I think that he is referring to Euthyphro’s Dilemma, which is something I’ve discussed here, but just to highlight the problem that is apparent in raising the question is that it was originally posed in a polytheistic system, with gods who operated with a defined scheme and existed within the kosmos, or world system. To attempt to push the question into a monotheistic system, especially Christianity, is simply a category error because the God that is described in the Bible exists outside of the world system, thereby operating under a different scheme. One might can ask the question, but, logically, it doesn’t apply because God doesn’t create evil, He simply uses it to fulfill His ends and intends to “annihilate evil” at the end of time, as John the Revelator wrote:
Then I saw a great white throne and him who was seated on it. From his presence earth and sky fled away, and no place was found for them. And I saw the dead, great and small, standing before the throne, and books were opened. Then another book was opened, which is the book of life. And the dead were judged by what was written in the books, according to what they had done. And the sea gave up the dead who were in it, Death and Hades gave up the dead who were in them, and they were judged, each one of them, according to what they had done. Then Death and Hades were thrown into the lake of fire. This is the second death, the lake of fire. And if anyone’s name was not found written in the book of life, he was thrown into the lake of fire. (Revelation 20:11-14, ESV)
That statement kinda undoes this statement from Mr. Brain:
In other words, if you sit and think about who God is supposed to be, you realize that such a being is impossible. Ridiculous, in fact.

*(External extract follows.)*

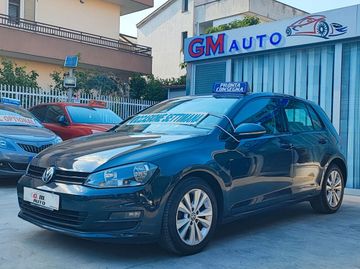 Volkswagen Golf - 1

But let’s deal with this little jewel about God’s provision. After quoting (or misquoting rather) from Matthew 7:7-11, he makes this statement:
The impossibility of God is visible here as well. Based on Jesus’ statement, let’s assume that you are a child and you are starving in Ethiopia. You pray for food. What would you expect to happen based on Jesus’ statement? If God exists as an all-loving, all-knowing and all-powerful parent — a “father in heaven” — you would expect God to deliver food to you. In fact, the child should not have to pray. Normal parents provide food to their children without their children having to beg for it. Yet, strangely, on planet Earth today we find tens of millions of people dying of starvation every year.
I believe that all along, I’ve tried to make points about taking things in context and using solid exegesis as well as avoiding using the biblical text as proverbs, and following the argument, also the nature of prayer, something I’ve dealt with here. The point that often gets missed in modern bibles, that are often laced with topical headings, which are helpful, but in using them the context is lost. That particular passage from Matthew is a part of an argument that doesn’t have to deal with prayer, rather it deals with compassion. The conclusion of the argument is not v.11, it is v.12, which is known as “The Golden Rule”:
“So whatever you wish that others would do to you, do also to them, for this is the Law and the Prophets.” (Matthew 7:12 ESV)
Then there’s this:
Another way to approach the impossibility of God is to think about the concept of omniscience. If God is omniscient, then it means that he knows every single thing that happens in the universe, both now and infinitely into the future. Do you have free will in such a universe? Clearly not. God knows everything that will happen to you. Therefore, the instant you were created, God knows whether you are going to heaven or hell. To create someone knowing that that person will be damned to hell for eternity is the epitome of evil.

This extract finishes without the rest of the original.